Change 983204 had a related patch set uploaded (by Ilias Sarantopoulos; author: Ilias Sarantopoulos):
[operations/deployment-charts@master] ml-services: increase cpu for nllb
Change 983204 merged by jenkins-bot:
[operations/deployment-charts@master] ml-services: increase cpu for nllb
Change 983353 had a related patch set uploaded (by Ilias Sarantopoulos; author: Ilias Sarantopoulos):
[machinelearning/liftwing/inference-services@main] llm: set number of threads for ctranslate
Change 983353 merged by jenkins-bot:
[machinelearning/liftwing/inference-services@main] llm: set number of threads for ctranslate
Change 983436 had a related patch set uploaded (by Ilias Sarantopoulos; author: Ilias Sarantopoulos):
[operations/deployment-charts@master] ml-services: manually set number of threads for nllb-cpu
Change 983436 merged by jenkins-bot:
[operations/deployment-charts@master] ml-services: manually set number of threads for nllb-cpu
The resources used by the pod have been increased to 4 cpus and a request with the above size takes ~5s while a request with the size of a sentence ~1s.
this will allow the language team to use this model server
Please coordinate with us on this. MinT has an evolving sophisticated layer of pre-processing/post-processing steps per language. It also has structured document translation(not just plain text translation, mainly HTML translation and other formats) that require fast, multiple calls to inferences with fragments of text.
It also has a language to model mapping mechanism and upcoming translation memory system.

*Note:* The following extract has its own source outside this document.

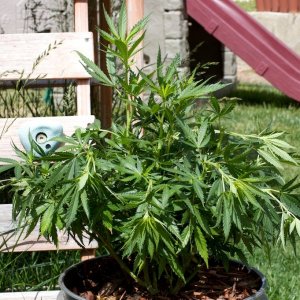 LBMoonHaze_outdoor_wk1_02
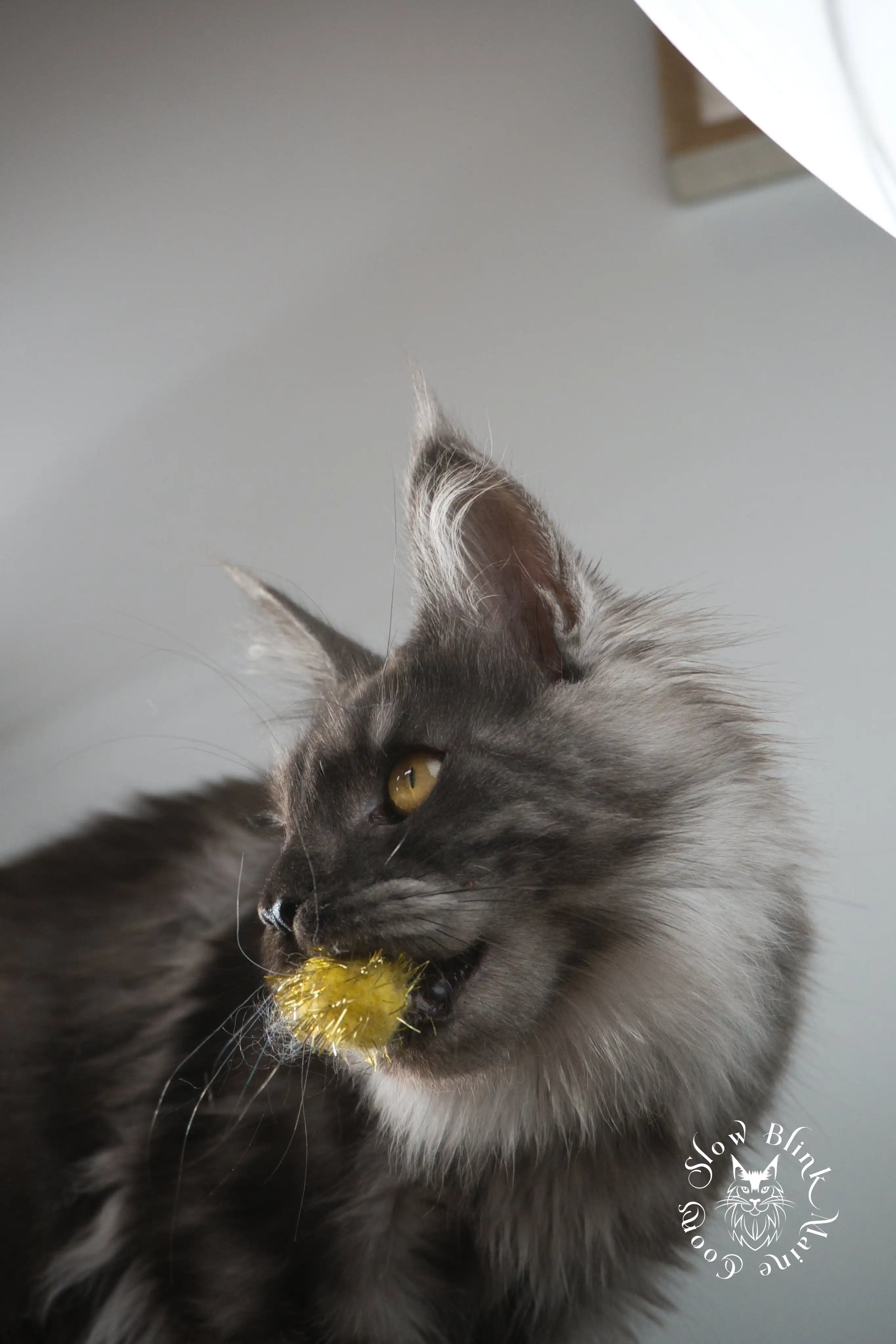 demeter | black smoke | female kitten maine coon | ems code ns | princess at slowblink maine coons Adult Maine Coon Cat from SlowBlinkMaineCoons > demeter | black smoke | female kitten maine coon | ems code ns | princess at slowblink maine coons | 1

To get all these working in a high performant setting, there are trade offs with seperating model inference and the above mentioned domain logic into seperate systems over the network. It is not clear whether architecture of LiftWing envision just model inference or the extra layers of domain logic in same system or separate systems(See my question on this in internal slack channel - https://wikimedia.slack.com/archives/C05F8ERE2CV/p1688981007204259 5 months ago.).
For some of the latest models we integrated(indictran2-en-indic, indictrans2-indic-indic), the wrapper code is supposed to live close to the model inference to make the inference complete and sometimes this code is sharable across models. So another set of tradeoffs on per-model basic inference vs smarter and complete inference with shared inference logic, and domain logic. MinT itself does not complete this domain logic - MinT is backend for nodejs service cxserver. CX frontend calls cxserver. cxserver call MinT.
MinT is now powered by 14 different models. NLLB is one of them, but are using it as fallback model only. Other newer models are giving better performance and quality for many languages.
Hey @santhosh, thank you for providing the background information on MinT. We can definitely coordinate if you have any requests for a specific model that you would like us to support.
Regarding the specific task: The ML team is working on supporting LLMs in Lift Wing with a focus on the work being done on GPUs so we are exploring also inference optimization frameworks and engines.
At this time we are highly interested in exploring and validating the level of support these frameworks have for AMD GPUs (rocm drivers) as we are in the process of expanding Lift Wing. Because GPU capacity is going to be limited we also want to be able to support some models on CPUs with acceptable latencies and reasonable resource requirements. In this context we chose nllb to test with ctranslate since it is already being used within WMF instead of choosing some random model for this exploratory work.
Any experience or hints that your team can offer are highly valuable.